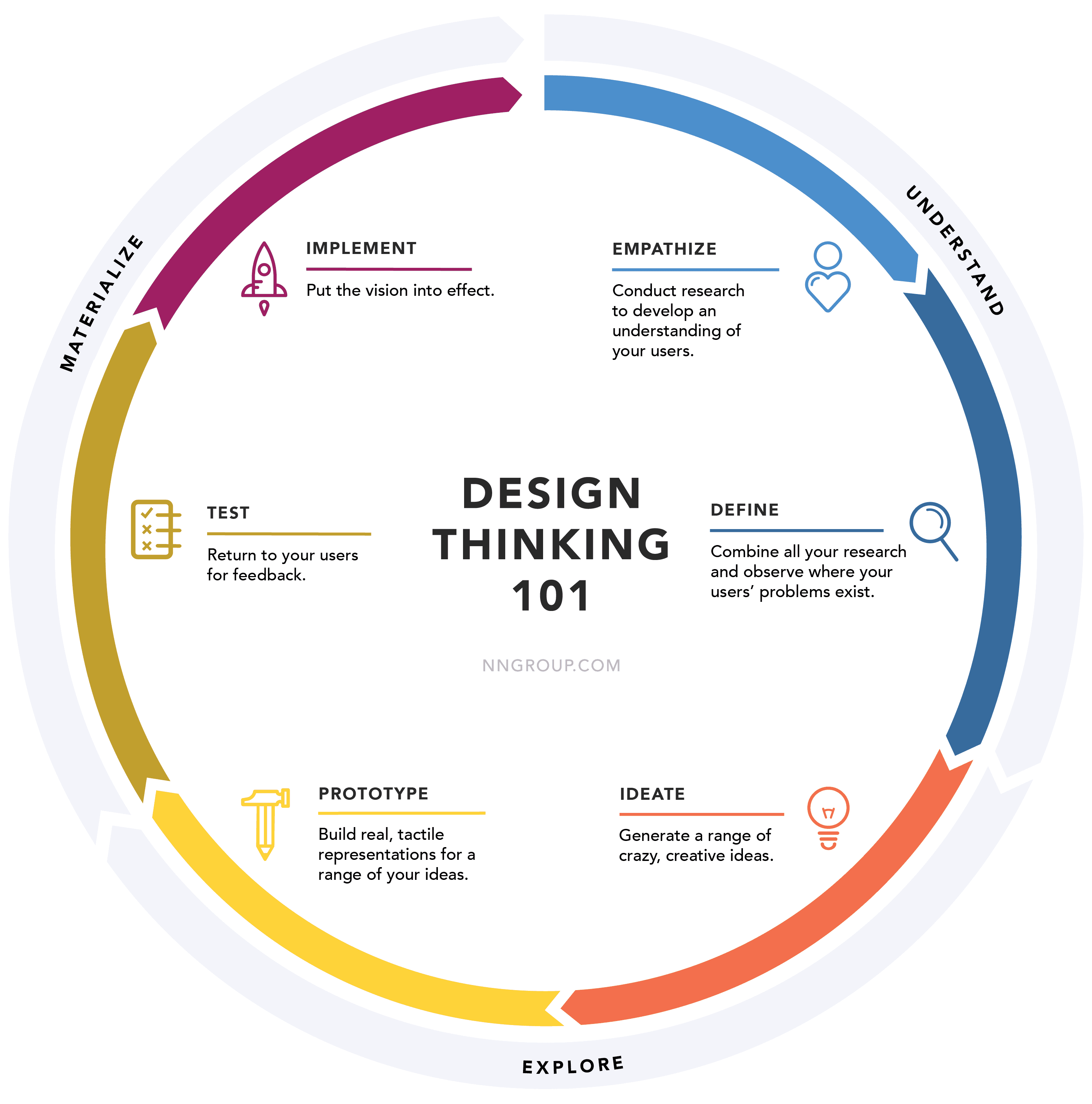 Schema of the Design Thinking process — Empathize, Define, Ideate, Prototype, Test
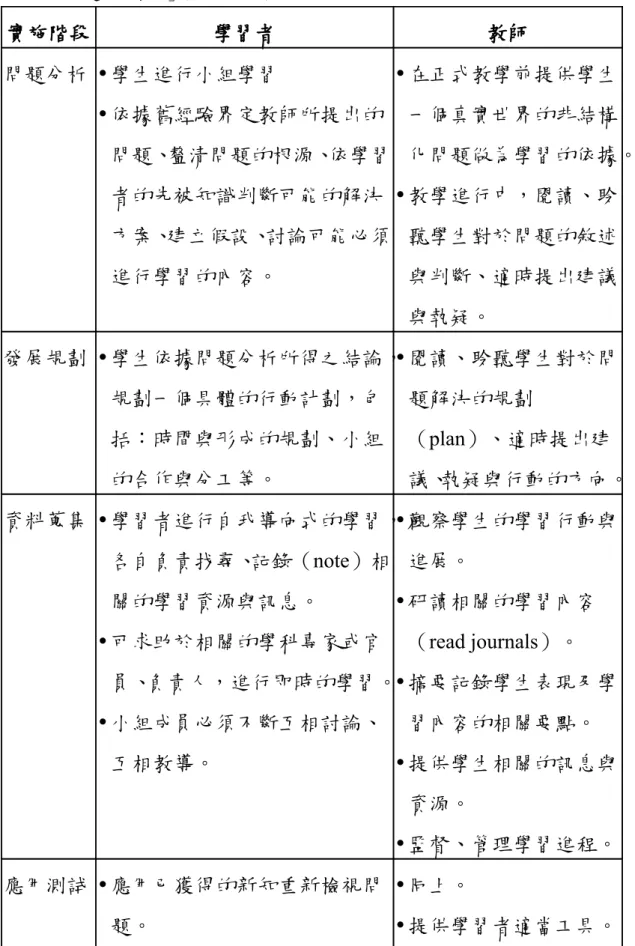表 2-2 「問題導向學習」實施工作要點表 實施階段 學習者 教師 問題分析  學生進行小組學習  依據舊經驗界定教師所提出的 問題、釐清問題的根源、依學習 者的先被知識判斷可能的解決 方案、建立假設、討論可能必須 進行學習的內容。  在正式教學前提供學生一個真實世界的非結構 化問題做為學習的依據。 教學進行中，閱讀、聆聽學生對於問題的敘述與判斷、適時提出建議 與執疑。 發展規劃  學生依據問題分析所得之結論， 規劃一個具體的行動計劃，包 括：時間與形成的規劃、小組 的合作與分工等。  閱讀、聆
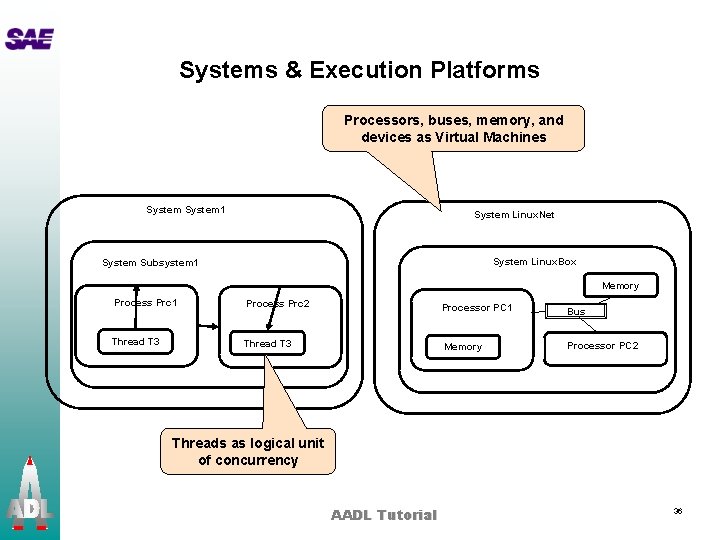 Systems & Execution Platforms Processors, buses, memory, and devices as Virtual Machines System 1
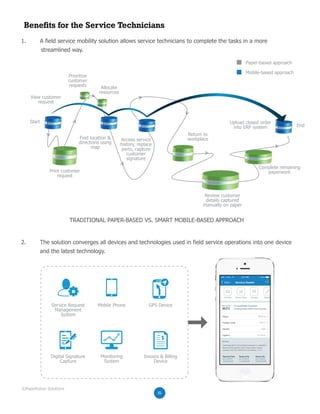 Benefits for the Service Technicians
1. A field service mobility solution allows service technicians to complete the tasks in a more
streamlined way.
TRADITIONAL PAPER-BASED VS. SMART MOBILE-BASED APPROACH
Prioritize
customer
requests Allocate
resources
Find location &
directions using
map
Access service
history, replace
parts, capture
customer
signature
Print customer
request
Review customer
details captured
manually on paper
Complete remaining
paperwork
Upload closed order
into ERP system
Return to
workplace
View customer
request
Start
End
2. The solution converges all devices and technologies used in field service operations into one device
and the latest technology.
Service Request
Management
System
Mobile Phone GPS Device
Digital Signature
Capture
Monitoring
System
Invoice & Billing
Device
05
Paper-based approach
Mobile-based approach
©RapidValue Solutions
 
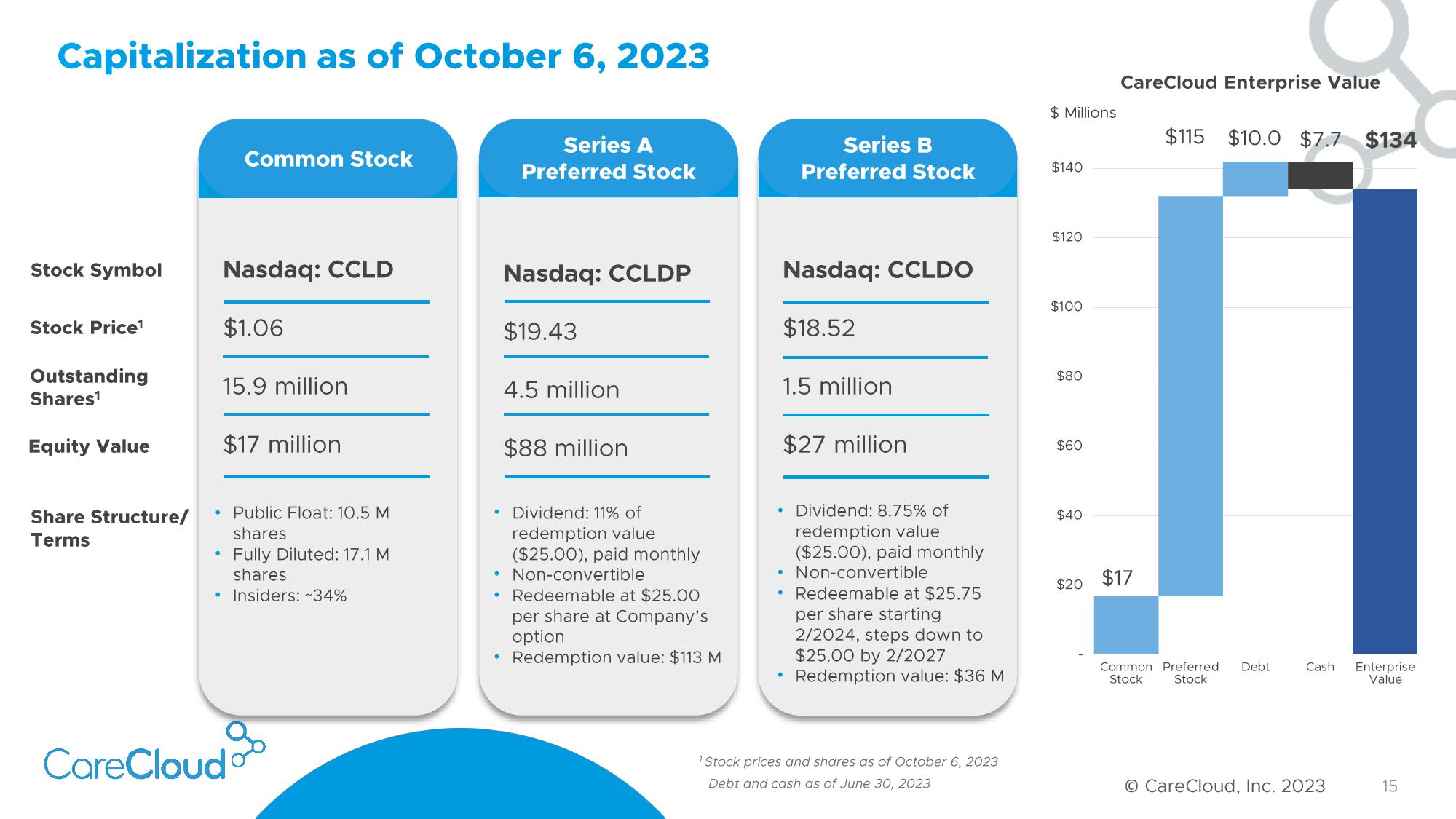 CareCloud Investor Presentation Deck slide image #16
+ + +
## PROBLEM DESCRIPTION:
Write out the material above exactly. Skip the pictures.

## YOUR RESPONSE:
 Schema of the Design Thinking process — Empathize, Define, Ideate, Prototype, Test
表 2-2 「問題導向學習」實施工作要點表 實施階段 學習者 教師 問題分析  學生進行小組學習  依據舊經驗界定教師所提出的 問題、釐清問題的根源、依學習 者的先被知識判斷可能的解決 方案、建立假設、討論可能必須 進行學習的內容。  在正式教學前提供學生一個真實世界的非結構 化問題做為學習的依據。 教學進行中，閱讀、聆聽學生對於問題的敘述與判斷、適時提出建議 與執疑。 發展規劃  學生依據問題分析所得之結論， 規劃一個具體的行動計劃，包 括：時間與形成的規劃、小組 的合作與分工等。  閱讀、聆
 Systems & Execution Platforms Processors, buses, memory, and devices as Virtual Machines System 1
 Benefits for the Service Technicians
1. A field service mobility solution allows service technicians to complete the tasks in a more
streamlined way.
TRADITIONAL PAPER-BASED VS. SMART MOBILE-BASED APPROACH
Prioritize
customer
requests Allocate
resources
Find location &
directions using
map
Access service
history, replace
parts, capture
customer
signature
Print customer
request
Review customer
details captured
manually on paper
Complete remaining
paperwork
Upload closed order
into ERP system
Return to
workplace
View customer
request
Start
End
2. The solution converges all devices and technologies used in field service operations into one device
and the latest technology.
Service Request
Management
System
Mobile Phone GPS Device
Digital Signature
Capture
Monitoring
System
Invoice & Billing
Device
05
Paper-based approach
Mobile-based approach
©RapidValue Solutions
 
 CareCloud Investor Presentation Deck slide image #16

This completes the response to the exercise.